After about 30 mins, I pulled over from a run because my head started hurting quite a bit. Then I threw up! As a nurse, I knew that I was showing signs of a head injury of some kind. I went back down with my Doc friend and he did a full neuro check on me. :dizzy:

Turns out I had a mild concussion from the impact. So I called it a day and rested the afternoon.:blink:

The military in me wanted to keep going, but the rest was much needed. I had a headache for the next 3 days. Luckily it wasn't too bad like a cranial bleed.

Now I know when making transitions to be extra careful.

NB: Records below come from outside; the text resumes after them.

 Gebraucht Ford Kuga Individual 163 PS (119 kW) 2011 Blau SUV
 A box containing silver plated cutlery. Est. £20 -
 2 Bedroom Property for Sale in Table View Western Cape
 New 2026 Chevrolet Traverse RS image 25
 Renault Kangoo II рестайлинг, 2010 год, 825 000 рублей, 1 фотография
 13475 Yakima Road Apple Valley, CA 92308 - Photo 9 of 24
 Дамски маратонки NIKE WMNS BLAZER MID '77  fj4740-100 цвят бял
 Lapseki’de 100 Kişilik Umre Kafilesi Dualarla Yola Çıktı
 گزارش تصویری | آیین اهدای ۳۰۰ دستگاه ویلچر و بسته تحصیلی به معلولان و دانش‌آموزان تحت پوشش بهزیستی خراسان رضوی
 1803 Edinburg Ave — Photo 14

And yes, I broke my nose (I had 2 times before that day) so now my bridge has a little bit of Camrock. lol


----------



## t21 (Dec 29, 2010)

As everyone has mentioned about fault and responsibility, one thing I can add to this is call out what side you are passing by.yell either "left or right" prior to passing especially on cat tracks, also observe the person if he/she heard you by their actions of looking over to the side you called out. You would have no idea if the person has her headphones on or not so_* you*_ have to rely on that. Now if there is a kid up front, I'd say is just slow down and watch them and pass if possible.


----------



## ThunderChunky (Oct 1, 2011)

Maybe it's because I am at a small resort, but I never got running into people. If you can't avoid hitting people you shouldn't go that fast. I've never hit anyone besides my friends when we were screwing around. You shouldn't put yourself in a situation where you can't stop quick enough to avoid someone. Which is BS anyway. I can stop in 3 or 4 ft. going full speed. 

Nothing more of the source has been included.